The OpenCL path consists of two layers:

Layer	Function	Location	Role
Wrapper	`f2_f3_opencl`	`kernel_wrappers.cpp`	Flatten R inputs, select kernel, load sources, call runner, reshape outputs
Runner	`f2_f3_kernel_runner`	`kernel_runners.cpp`	Platform/device setup, buffer creation, kernel launch, readback

2.1 Call Path

EnvelopeEval (EnvelopeEval.cpp)
    |-- if use_opencl && pilot/check passes:
    |       f2_f3_opencl() -> f2_f3_kernel_runner()
    \-- else:
            f2_f3_non_opencl() -> CPU famfuncs (f2_f3_binomial_logit, etc.)

EnvelopeEval receives the grid G4 (coefficients at each tangency point), the design matrix, prior parameters, and family/link.

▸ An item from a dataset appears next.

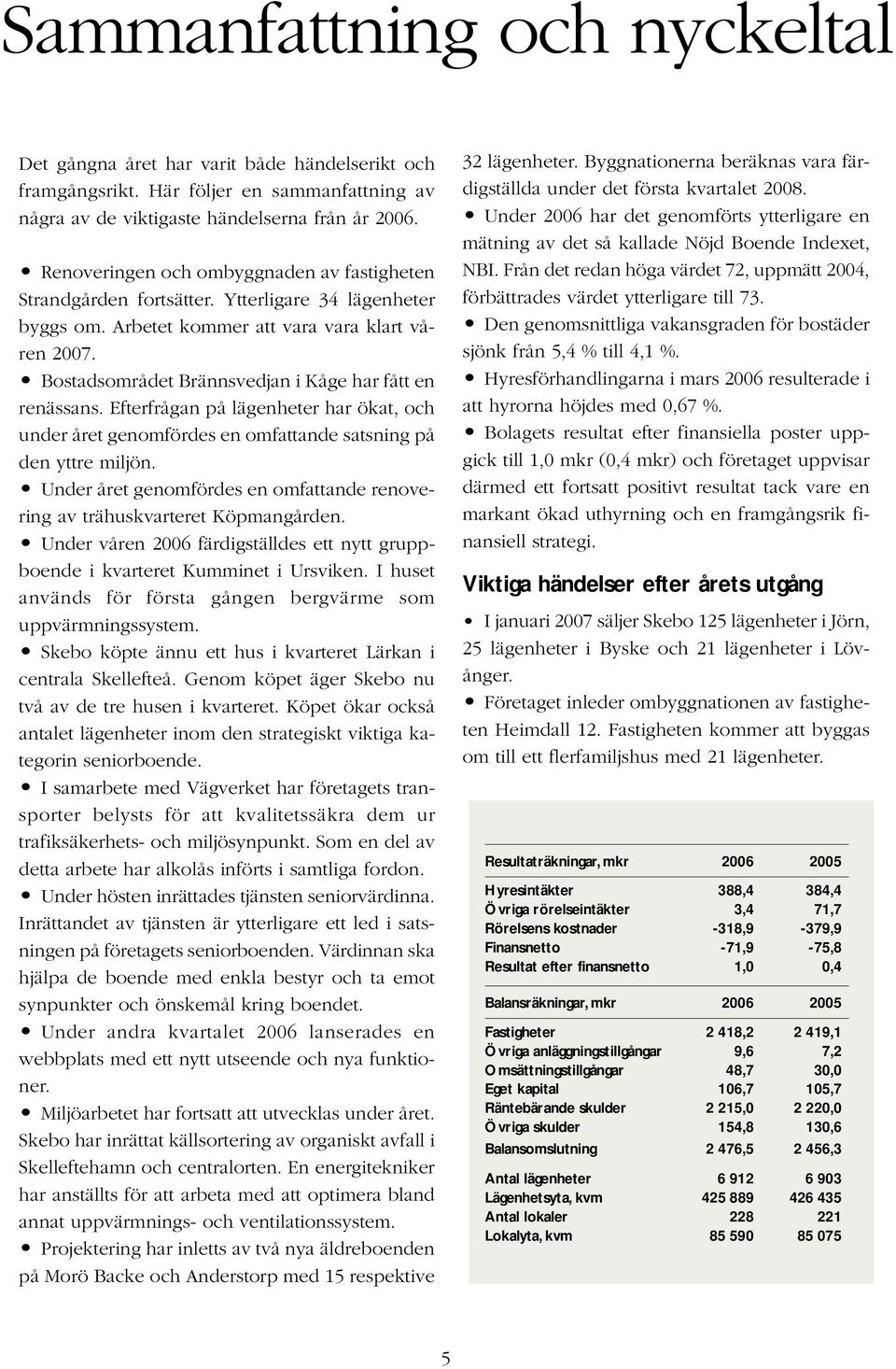 Bostadsområdet Brännsvedjan i Kåge har fått en renässans. Efterfrågan på lägenheter har ökat, och under året genomfördes en omfattande satsning på den yttre miljön.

It chooses the GPU or CPU path based on use_opencl and the outcome of the pilot (when applicable). The GPU path calls f2_f3_opencl, which assembles the OpenCL program and invokes f2_f3_kernel_runner; the CPU path calls f2_f3_non_opencl, which dispatches to the appropriate C++ family function.

3. Program Construction

OpenCL kernels are not stored as single monolithic files. Instead, the package builds the program by concatenating several source components in a fixed order. This mirrors a C/C++ build where headers and libraries are included before the main source.

3.1 Assembly order (production)

Runtime GPU assembly uses load_likelihood_subgradient_program in src/kernel_loader.cpp (see inst/cl/README.md). Prelude, shims, and selective nmath/ are loaded from nmathopencl; entry kernels from glmbayes (inst/cl/src/f2_f3_*.cl).

For interactive exploration, mirror that split with opencltools:

all_src = opencltools::load_kernel_source("OPENCL.cl", package = "nmathopencl")
        + opencltools::load_kernel_library("libR_shims", package = "nmathopencl")
        + … (R_ext_types, R_shims, R_ext_runtime, R_ext_internals, System)
        + opencltools::load_library_for_kernel(
              system.file("cl/src/f2_f3_binomial_logit.cl", package = "glmbayes"),
              system.file("cl/nmath", package = "nmathopencl"),
              depends_tag = "all_depends_nmath")
        + opencltools::load_kernel_source("src/f2_f3_binomial_logit.cl", package = "glmbayes")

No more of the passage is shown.